→ **Task details**
As the output, give exactly the lines that run from the one with "Galaxy S9 防気泡・フッ素防汚コート!光沢保護フィルム" through the end of the records below, and omit pictures.
Data records START
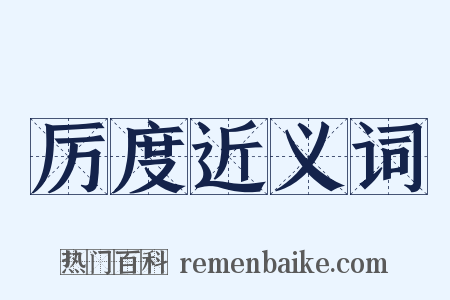 厉度近义词是什么意思的图片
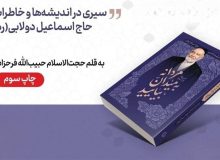 اندیشه‌های اخلاقی حاج اسماعیل دولابی در بازار نشر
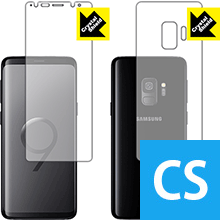 Galaxy S9 防気泡・フッ素防汚コート!光沢保護フィルム Crystal Shield (両面セット) 3枚セット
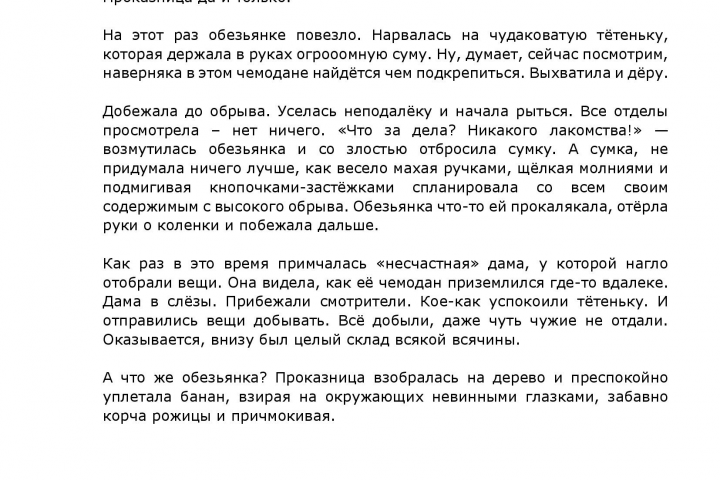 Проказы обезьянки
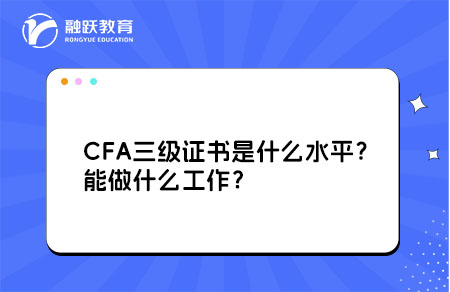 CFA三級證書是什么水平？能做什么工作？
Data records END
→ **Solution**
 Galaxy S9 防気泡・フッ素防汚コート!光沢保護フィルム Crystal Shield (両面セット) 3枚セット
 Проказы обезьянки
 CFA三級證書是什么水平？能做什么工作？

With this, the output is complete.